In the course of local history research and the incessant reading of old newspapers, I frequently come across little odds and ends that don’t always lend themselves to stories of greater depth, but are  at least amusing, or interesting or thought-provoking.  I thought it might be best to share some of these little gems with Toledo Gazette readers.

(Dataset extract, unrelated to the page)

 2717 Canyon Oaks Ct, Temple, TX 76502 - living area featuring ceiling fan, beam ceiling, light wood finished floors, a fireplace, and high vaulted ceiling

Toledo Alderman Visits The Tenderloin

Here’s one I haven’t verified yet, but a story that made the wire services in 1899 and carried in several newspapers claimed than a Toledo City alderman, who was visiting New York City made a stop in that’s town’s notorious vice-district, the Tenderloin and stopped by the police station to see if the cops would show him around. He said” I thought I’d drop by a see the Tenderloin so I can tell the boys at home all about it.” The cops said he was a small man in a fur cap, wore gold-rimmed spectacles, had brown whiskers and smoked big cigars and even gave the sergeant his card, but the paper didn’t identify him. When they police mentioned they had a murder earlier in the evening, the Toledo alderman said “He would have kinder liked to have seen it”. It is said he spent the rest of the evening at a resort(brothel) in the Tenderloin, passing out badges from Toledo with a picture of a frog on them promoting Toledo as the Ohio Centennial City for 1902.

Bovine Detour

During Christmas season of 1929, the Churchill family from Lima was headed to Toledo during a blizzard. This was long before I-75, so the popular route was Dixie Highway and somewhere near Van Buren, Mr. Churchill heard and felt something hit the front of his car…and the car kept going, but slowed considerably by the weight of something at the front of his car. He couldn’t see it because of the blowing snow….but stopped “a few rods” down the road and discovered a bull impaled by its horns into the radiator of the car.

 

The Human Bicycle

I never have been able to find out what became of two young men, William Robb and Don Taylor, of Toledo, who in 1934 rigged up a “wheelbarrow” like contraption and called themselves the “human bicycle”. It was basically composed of a bicycle wheel…and a saddle like seat into which one man is suspended face down in a stretched out position, while grasping the axle of the front wheel, while the other fellow grabs his ankles and pushes. They set out July 17th in New York City, made it back to Toledo by August 22.    They were to set out again for Los Angeles in the next few days. Always wondered if they made it. I’ve scanned numerous subsequent editions of the News bee but never found a follow-up story about their exploits.

 

Guilty Until Proven Innocent

The August 7th, 1927 News Bee holds the story of one – Johnny Mack of Toledo. He had just been set free for the Ohio Penitentiary after serving five years for a crime he didn’t commit.   Mack, it seems,  had been charged and convicted of a bread truck payroll robbery in Toledo in 1922. Said he couldn’t believe he was convicted and sent to prison because he was innocent and had nothing to do with it. His pleas to the police and the courts were ignored. Eventually though, after the trial, more evidence did come to light that Mack was telling the truth. Even the judge started having his doubts and ordered investigators to look into it. Finally a confession from the real bandit came forth, and Mack was set free, at the age of 40, in poor health and a prison record. He said he harbors no resentment.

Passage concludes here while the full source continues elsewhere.